Birmingham and Solihull learning and skills council announced the measure as part of its proposals to help workers affected by the demise of the Longbridge plant.

The move to help apprentices, whose training in automotive engineering and administration has been moved to Dudley college and Matthew Boulton college, in Birmingham, aims to stop them being lost to the industry.

Workers’ wives and partners will get free access to training across the region to develop their careers.

Julie Roberts, senior LSC manager, said: “We are committed to continuing apprentices’ training. We have agreed they will be given their training until they find new jobs and will be paid their wage equivalent for the next six weeks.”

She said the LSC was working with EEF, the engineering and construction industries association, to find employers willing to take on the apprentices.

David Cragg, chief executive of Birmingham and Solihull LSC, said: “We need to keep apprentices in the industry, and there is a danger that if we don’t cover their wages they will go elsewhere.”

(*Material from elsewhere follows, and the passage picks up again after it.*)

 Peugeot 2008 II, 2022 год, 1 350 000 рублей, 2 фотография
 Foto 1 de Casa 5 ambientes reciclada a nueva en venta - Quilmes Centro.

He said he was trying to secure the future of 400 apprentices working at Rover dealerships, many of whom could lose their jobs through garage closures.

“This is a complex issue,” he said. “There are around 8,000 jobs in Rover dealerships and about 4,000 are vulnerable - mostly in small independent dealerships.

“At this stage we are clear that there will probably be a higher-than-average impact on the West Midlands because more people drive Rovers here. We will take on a duty of care with apprentices to ensure their training is not disrupted.”

Sixteen colleges across the West Midlands have agreed to waive fees for partners of redundant Rover workers if they begin a course before July 31.

Jobcentre Plus has had more than 2,000 vacancies posted with it from firms interested in taking on former workers from the car manufacturer, which went into administration on April 15 with the loss of more than 5,000 jobs.